In my opinion as a PR professional who has worked in China for many years, this stance of what amounts to an ultimatum for China’s government directly contrasts what I have been taught and what I have recommended clients do. The usual messaging that appears in most foreign companies’ press releases in China stresses commitment to the China market as well as support for China’s government agenda. With huge money at stake and the power that the government has over foreign businesses in China, this mindset has become the norm.
When Google first entered the market back in 2006, it took the same stand opting to censor its search results, feeling that not entering the market would do more to inhibit free access to information in the long run. Google, however, never seemed to be fully comfortable with this decision. Co-founder Sergey Brin told The Guardian in 2007 that Google’s actions resulted in a “net negative” for the company.
But now, with this recent announcement, it appears it has changed its attitude towards this…considerably. As my friend, William Moss, a public relations executive working in China put it on his Imagethief blog, “Google has taken the China corporate-communications playbook, wrapped it in oily rags, doused it in gasoline, and dropped a lit match on it.”

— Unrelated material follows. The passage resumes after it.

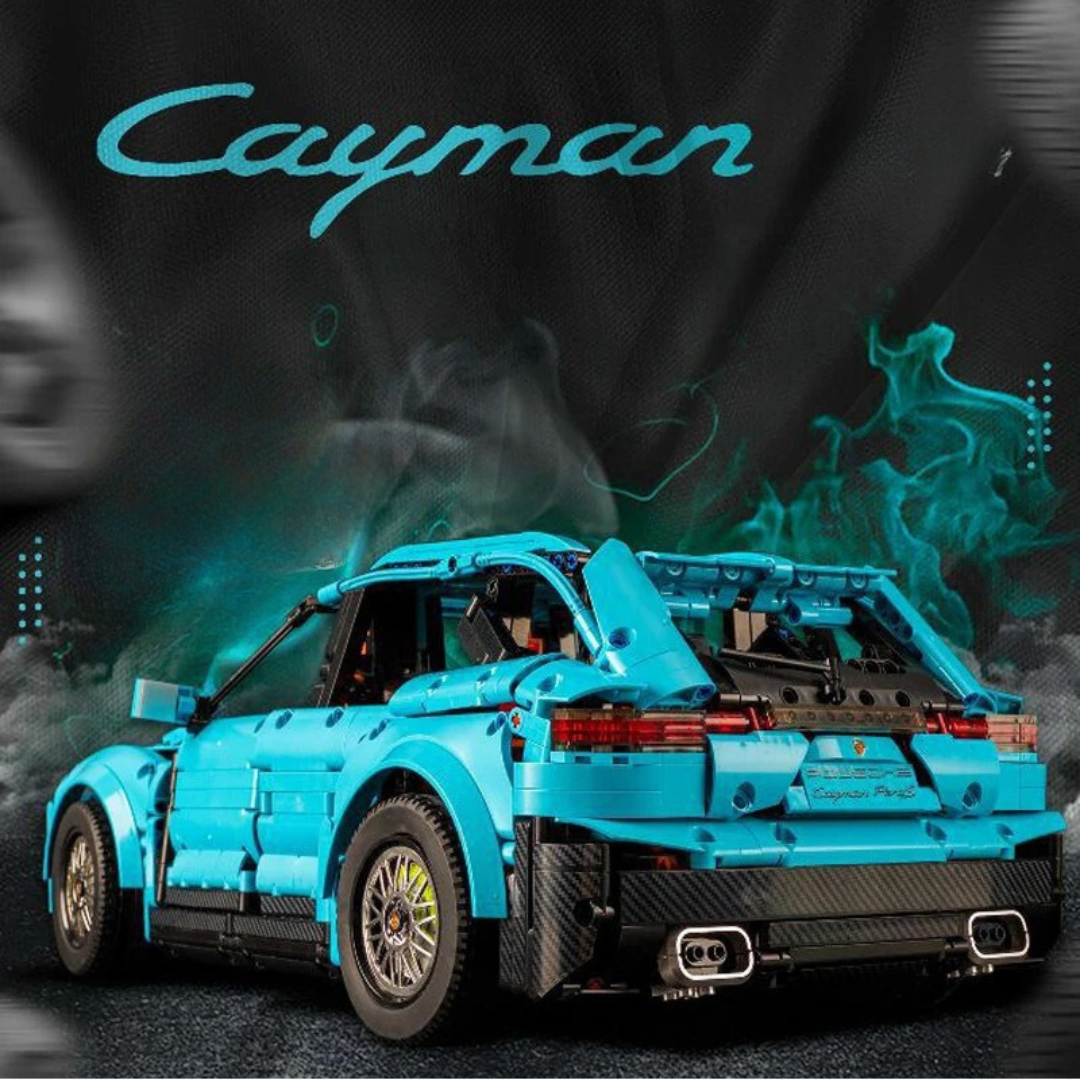 Brick MOC Porsche Cayman | Remote Control, Opening Features, 3181 pcs - Brick Car Merchant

However, could this move have an unexpected PR windfall for Google globally? When Google entered China, many called into question the company’s motive and felt that the company was bending to the will of the government. This coupled with Google’s recent antitrust lawsuits and Google Book lawsuits, the company’s “Don’t be Evil” motto seems to have taken a backseat. With Google in need of some good PR, exiting the China market may inadvertently do the trick.
Some of the pros of leaving China are thus: Google will be seen as a company taking a principled position regarding free speech and a moral highroad over higher earnings. This will help garner it some goodwill in other parts of the world. In addition, the possible withdrawal from China will reinforce to its users the importance that it places on user privacy.
Public sympathy for Google seems to be occurring already. According to recent reports in the New York Times, The Electronic Frontier Foundation, an online civil liberties group and frequent critic of Google, commended the company in a blog post titled “Uncensoring China — Bravo Google.” Human Rights Watch said that Google’s response to the attacks “sets a great example.” On Capitol Hill, Republicans and Democrats alike hail Google’s move. And in China, young people have placed flowers in front of Google’s offices to pay their respect.
It will be interesting to watch how this plays out, but it seems likely Google will become a martyr for free speech and privacy on the internet … whether it wants to be or not.